Both Brother Scott and I have this in common, we use the Oxford English Dictionary (Unabridged) as a tool in understanding English words as they were used in 1611. It is standard fare in Fundamentalism to use the 1828 Webster's Dictionary, but Noah Webster was hamstrung by the obvious disability of having recorded his definitions 217 years after the King James Bible was written. He is often in error.
The other common source for definitions is Strong's Exhaustive Concordance. Enterprising students eagerly look up the corresponding Greek or Hebrew number that Strong assigned to each word and they turn to the back of the concordance to get what they think is the real meaning. The problem with that little trick is that James Strong was a liberal Unitarian who despised men like Moody or Spurgeon and used the limited skills he had in the classical languages to make sure that future students only saw the definitions that he wanted them to see. He corrupted his dictionaries and boasted that he had done it. A student using a James Strong definition is swallowing a fish hook baited by hell.
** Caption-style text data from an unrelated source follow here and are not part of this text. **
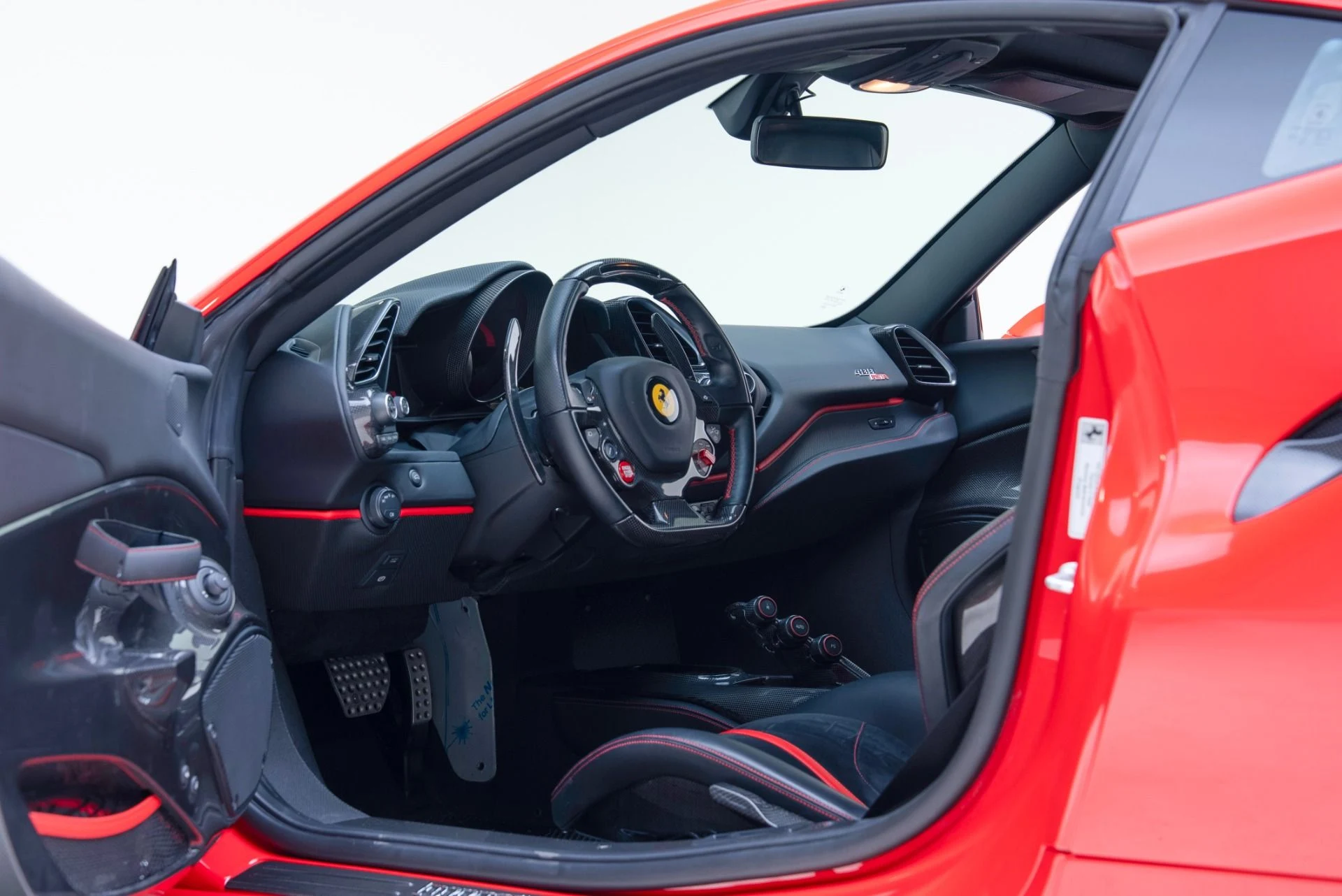 mph001_3095422967_Used_2020_Ferrari_488_Pista_1779389946_df17bdae2c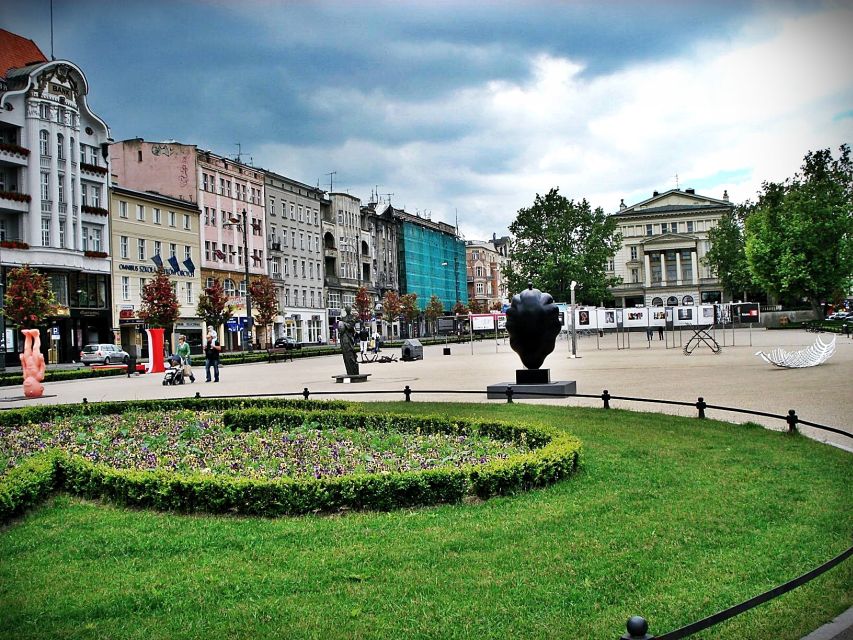 Poznan Private City Walking Tour from Cathedral Island - Baroque Church stop, then the Old Town flow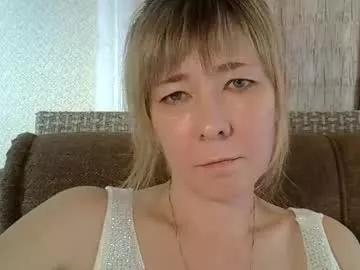 ellajohnsonx on Chaturbate 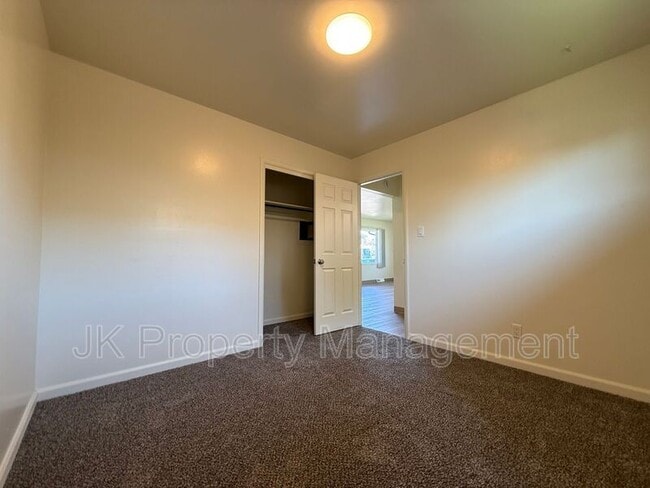 Building Photo - 236 21st Ave NW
What the OED (Oxford English Dictionary) does is far more instructive. The OED seeks to give definitions to English words as they are used through the centuries. After a word is given and defined, the OED will then give many examples of how that word was used in various centuries. It is not infallible, but if used as a tool it is far more helpful and accurate than Webster.
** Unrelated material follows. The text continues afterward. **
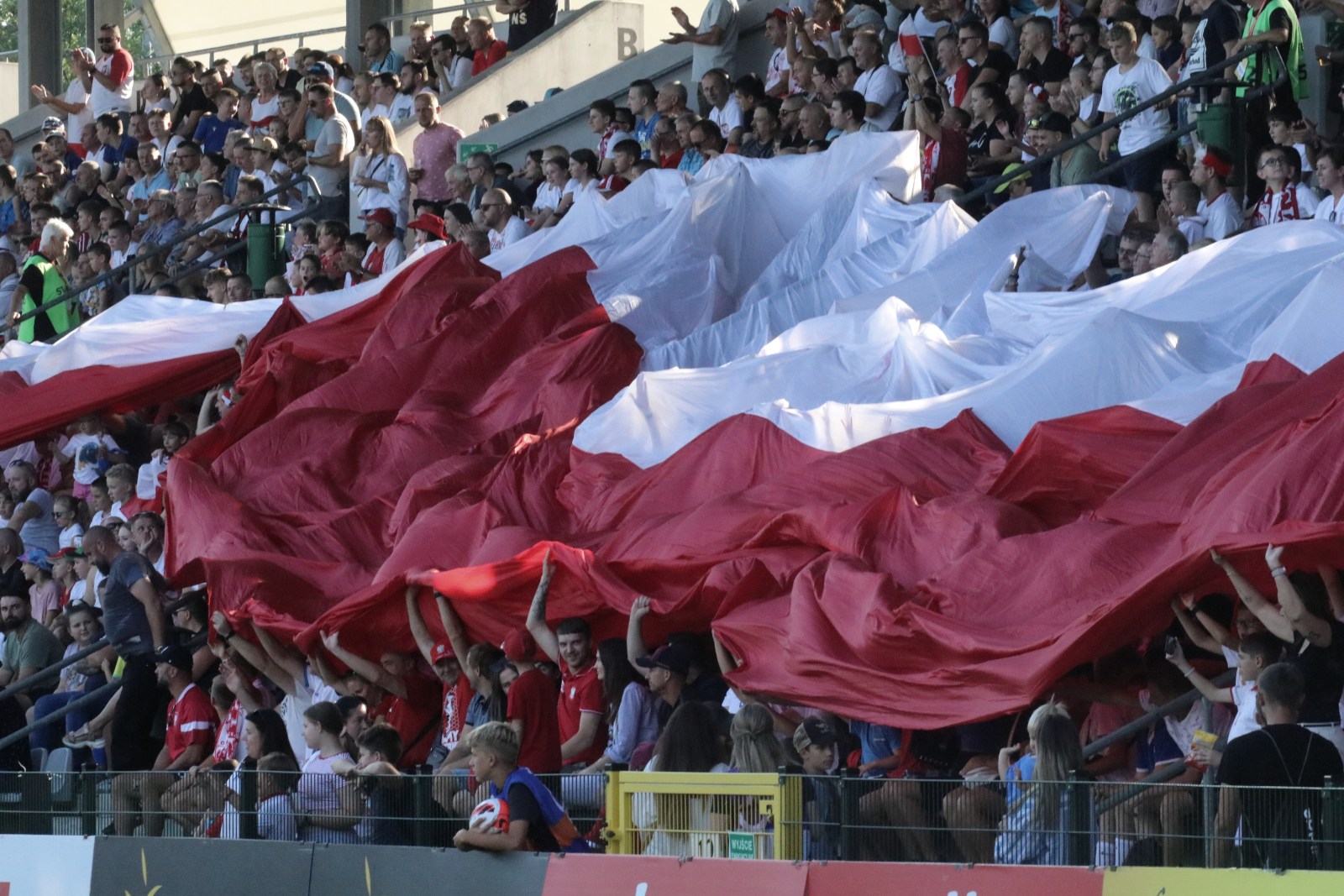 Ponad pięć tysięcy widzów na meczu Polska - Niemcy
Still, the single greatest way to understand any word used in the King James Bible is to look it up in every place the bible uses that same word in the same context. Then the student can go to his local library and look up the word in the OED and find how it was used in the late 16th century or early 17th century.
The King James Bible uses the word "Amongst" twice. Today it is considered antiquated and Webster sees no difference between "Amongst" and "Among". There was a difference in 1611 and there is a difference today.
To say that something or someone is amongst, is to say that they are being dispersed or intermixed into that crowd with whom they are amongst. Jesus Christ walked among men. He never walked amongst them. He was not becoming like them. They were all around him but he kept his identity separate. When Abraham bought a gravesite for Sarah he said, That he may give me the cave of Machpelah, which he hath, which is in the end of his field; for as much money as it is worth he shall give it me for a possession of a buryingplace amongst you, Gen. 23:9. He used the word "amongst". In other words he told the people that even though he and Sarah were from another land and had lived separate from them, in death their bodies would decay into the same earth as everyone else's did. In death we will disperse and intermix with you. Our position will shift.
The other usage is far more interesting. Where did Adam and Eve hide after they had sinned? And they heard the voice of the LORD God walking in the garden in the cool of the day: and Adam and his wife hid themselves from the presence of the LORD God amongst the trees of the garden, Gen. 3:8. If we are to follow the same line of logic, Adam was dispersing and intermixing himself with the trees. His position shifted to be like them.
That seems odd until the Book of Ezekiel is brought into play. Behold, the Assyrian was a cedar in Lebanon with fair branches, and with a shadowing shroud, and of an high stature; and his top was among the thick boughs. The waters made him great, the deep set him up on high with her rivers running round about his plants, and sent out her little rivers unto all the trees of the field. Therefore his height was exalted above all the trees of the field, and his boughs were multiplied, and his branches became long because of the multitude of waters, when he shot forth. All the fowls of heaven made their nests in his boughs, and under his branches did all the beasts of the field bring forth their young, and under his shadow dwelt all great nations. Thus was he fair in his greatness, in the length of his branches: for his root was by great waters. The cedars in the garden of God could not hide him: the fir trees were not like his boughs, and the chesnut trees were not like his branches; nor any tree in the garden of God was like unto him in his beauty. I have made him fair by the multitude of his branches: so that all the trees of Eden, that were in the garden of God, envied him, Ezekiel 31:3-9. Those trees are demonic. Adam had taken on a fallen nature and become like them.
One little word with a slight change from normal should instantly alert every student of the word of God.